June 2017 market and economic review and outlook

Lowman_150x150pxLeigh Lowman, Investment Manager

Risk assets continued with their upward momentum, generally finishing positive for the month. Politics dominated headlines with the spotlight on the Trump administration. Speculation on whether the president interfered with a FBI investigation caused equities to drop mid-month only to quickly rebound based on the strength of positive fundamentals. Overseas, international markets reacted positively to the French election win of Macron, known for his moderate political stance.
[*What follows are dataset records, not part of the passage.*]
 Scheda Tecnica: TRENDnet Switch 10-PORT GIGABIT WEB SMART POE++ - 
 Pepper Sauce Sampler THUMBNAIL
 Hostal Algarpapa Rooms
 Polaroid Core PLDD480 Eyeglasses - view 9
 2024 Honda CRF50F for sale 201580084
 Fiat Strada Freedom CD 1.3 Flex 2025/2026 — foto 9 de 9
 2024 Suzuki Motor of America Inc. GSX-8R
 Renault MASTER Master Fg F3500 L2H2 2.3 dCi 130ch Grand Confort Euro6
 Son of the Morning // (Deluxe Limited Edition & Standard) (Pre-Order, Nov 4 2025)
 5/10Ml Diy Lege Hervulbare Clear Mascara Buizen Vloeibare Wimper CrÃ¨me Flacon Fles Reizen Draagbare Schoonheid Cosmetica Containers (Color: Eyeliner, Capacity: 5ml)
Expectations have strengthened for an additional Fed rate hike in June as domestic data leans positive with inflation remaining under control and the economy close to full employment.

The S&P 500 Index was up 1.4%. Sector performance was mixed with technology (+4.4%) and utilities (+4.2%) posting the largest gains for the month. On the negative side, energy (-3.4%), financials (-1.2%) and telecom (-1.0%) continued to lag and are all negative year to date. Small caps, which have shown to be more dependent on the “Trump Trade”, finished the month negative and significantly lag large and mid cap stocks year to date. Growth outperformed value and leads year to date.
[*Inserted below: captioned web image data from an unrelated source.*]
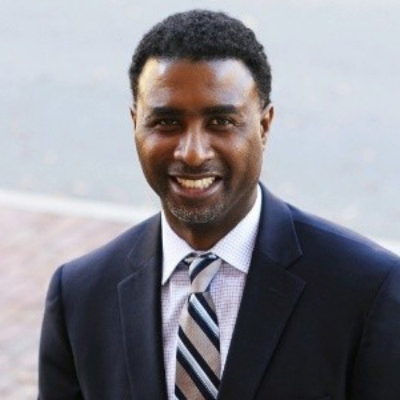 Portrait of Craig Fletcher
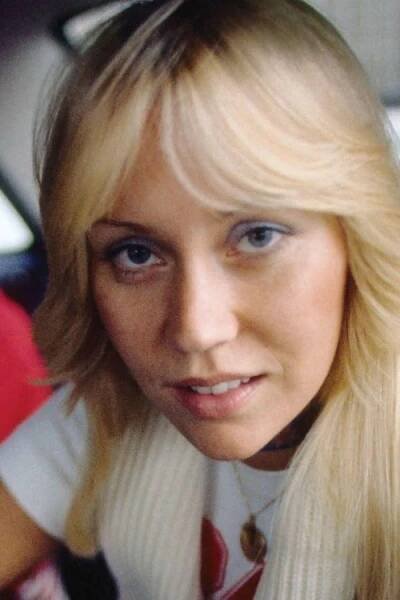 Agnetha Fältskog herečka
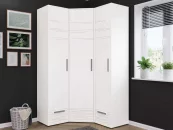 Угловой шкаф в комплекте Аляска 8_5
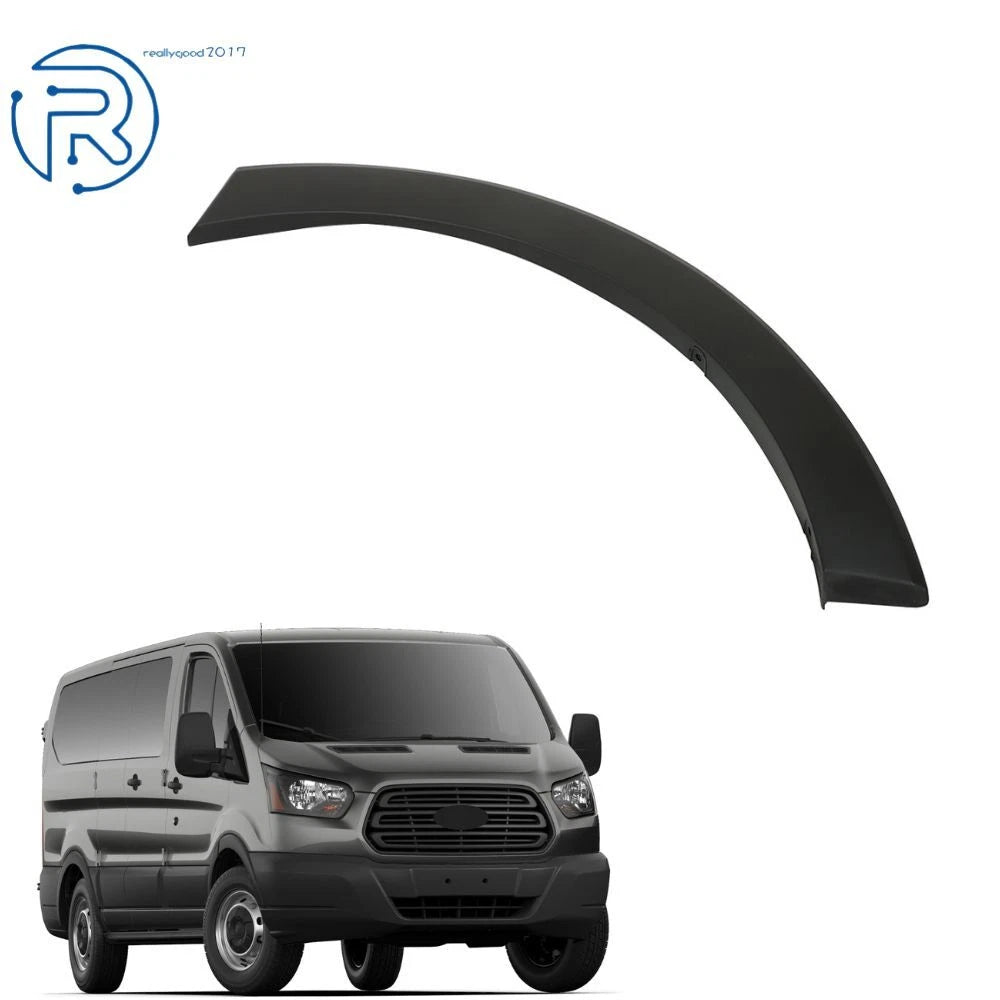 Fender Flare Molding for Ford Transit 150/250/350 (2015–2019)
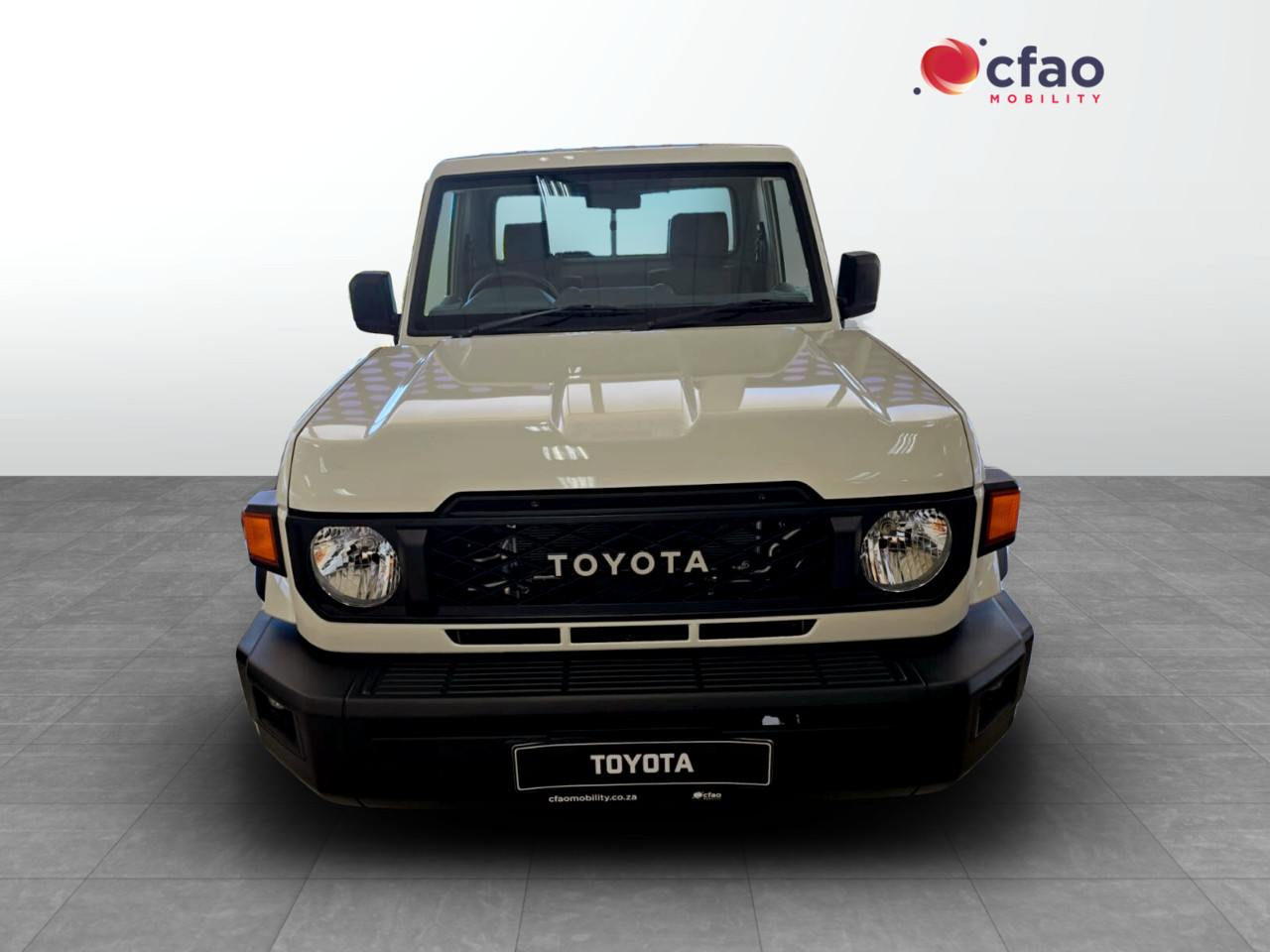 Toyota Land Cruiser 79 2.8GD-6 SINGLE CAB AUTO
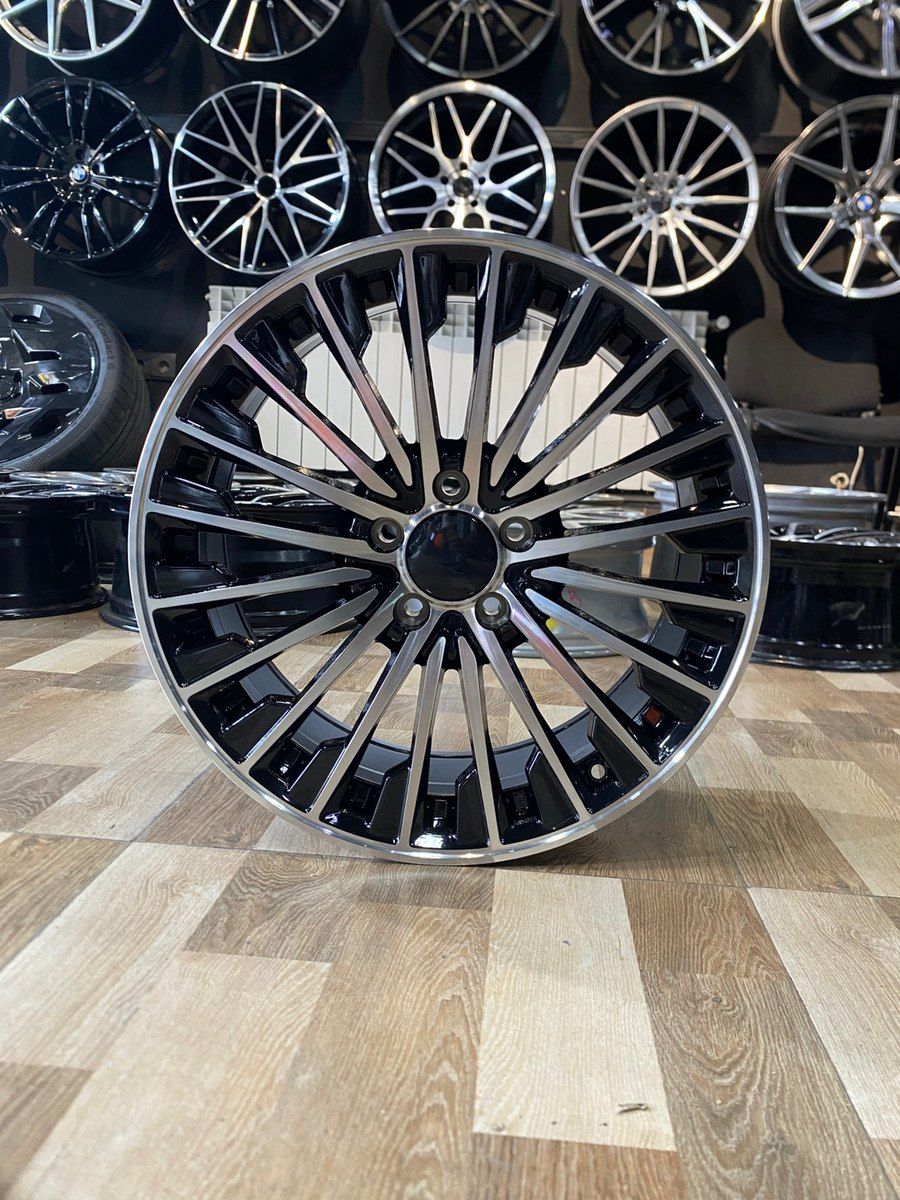 Mercedes diski R18 — Ehtiyat hissələri və aksesuarlar, Bakı (2)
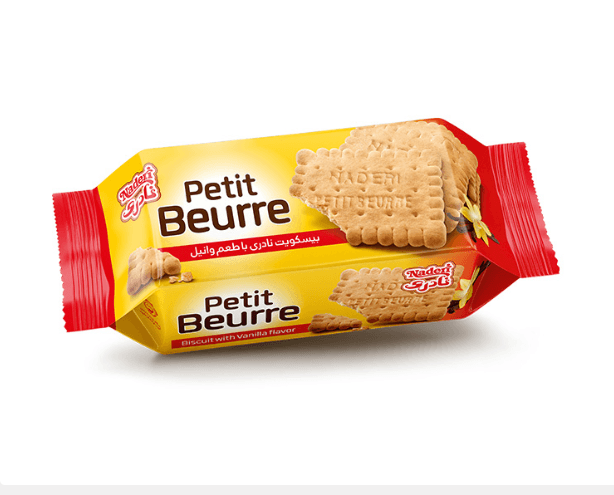Cocoa - Vanilla Petit Beurre Biscuit(24 packs)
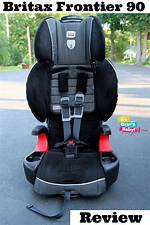 Britax Frontier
Developed international equity was up 3.8%, outperforming domestic equities for the third month in a row. The positive outcome of French election boosted markets but much uncertainty currently surrounds the Italian general election with the populist and mainstream parties currently neck-and-neck in the polls. Consumer confidence in the UK also rose but still remains in negative territory as Brexit proceedings continue to move forward. Data from Japan came in positive with a rebound in industrial production and uptrend in housing starts. Emerging markets remained resilient, posting a 3% return, despite the political chaos erupting out of Brazil during the month.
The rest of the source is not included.